Although he was more inclined towards the
militancy of Malcolm X, he explained that
it was the murder of Martin Luther King,
Jr. that had pushed him over the edge.
The
moral of that story is still unclear to
me, especially when I consider Shaka's troubling
inclination towards doing things the hard
way. Yet, from time to time, when I myself
come face to face with the ugly snout of
racial prejudice here in Kenya, I can at
least find some convoluted satisfaction
(if not comfort) in thinking: If a black
man from the African Diaspora can't break
through out here largely because the tribal
monster turns him away, how did I ever imagine
I'd be fully accepted?
 |
Photo by Andrew Njoroge |
Vague,
imperfect notions of Universal Brotherhood
attended my own arrival in Africa in 1987.
Being essentially an "average guy",
I quickly found myself identifying with
people whose lives seemed to be a hard but
noble struggle. Far from a lofty missionary
zeal, however, my romanticism was born out
of a much more pedestrian faith in the goodness
of people in general, colored by a natural
empathy for the underdog.
A
simple matter of share and share alike,
however, gradually became a pipe dream that
would require a plumber of transcendental
dexterity to unclog. I'm not talking here
about personal or working relationships,
but about what could be described as the
ultimate position of the individual in Society-At-Large...
Five
years on and I still can't seem to shake
that beast. My intention here is not to
complain, but to wonder aloud: What the
devil is wrong with society, when a man
can't be taken at face value? How wearying
it is to have kindness constantly mistaken
for weakness. Or to have to prove yourself
everyday, to everyone you meet: "Not
me, I’m not to be associated with
your colonial hangover". Let's face
it: walking the streets of Nairobi, it's
easier to dress down than be dressed down.
 |
Peasant farming in Rironi
Photographer unknown |
It
may seem petty to talk about minor irritations
such as having mediocre batiks and bogus
'elephant hair' bracelets shoved in your
face at every turn, but it's those same
little things that accumulate and remind
you that you're not at home. There's something
increasingly unsettling in daily having
to brush off calls of "Yes, taxi!"
on most streets in the city center.

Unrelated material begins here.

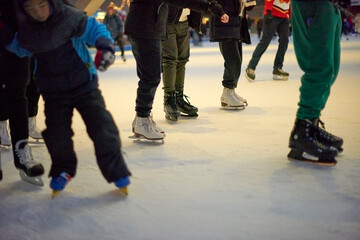 people ice skating.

All
whites come from relatively privileged backgrounds,
so must you. All whites exist exclusively
from the wananchi, so must you.
QED.
This
is hard when it flies in the face of your
own reality. At what point do you swallow
your pride and stop thinking about the two-plus
years of riding matatus into town
from Rironi and Uthiru, where you lived,
by choice, a life far removed from that
of your fellow expatriates in their cultural
enclaves?
At
least in this respect, you're more likely
to get a fair hearing from the bank teller
dwelling in Buru Burn than from the European
whose willingness to "integrate"
depends largely on the "competence
level" of the African in question.
Try to commiserate with those barely subsisting
in the slums, and it's likely that you'll
be taken as either a Father or a Fool. Sorting
out true friends from the opportunists is
a sobering task. Leave alone the people
you meet who affect British and American
accents and style.
 |
Shaka Zulu
Photo by David Blumenkrantz |
When
all is said and done, it would be nice and compact if it could all be explained away
by skin color. That would at least allow
a measure of inevitability into the equation.

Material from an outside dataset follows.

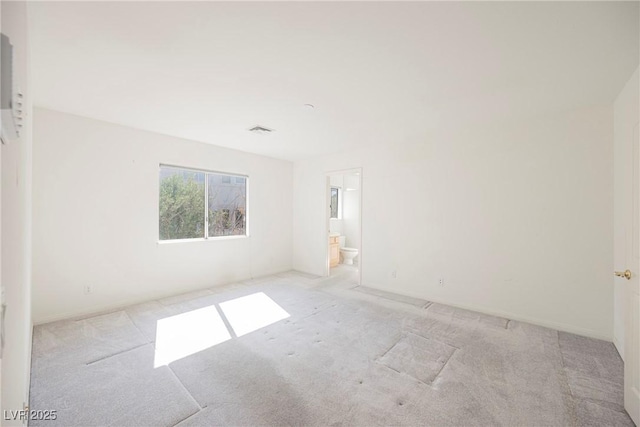 carpeted empty room with visible vents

But then I remember Shaka Zulu, and the
weakness in humankind that sequesters people
into tunnel vision. For after all of his
strident attempts at integrating himself
and his fellow African-Americans into African
society, Shaka is still prepared, as we
all are, to play his own trump cards. "All
I have to say," he once told me with a laugh,
"is if you're not ready to take us
all back, we'll see you at the Olympics!”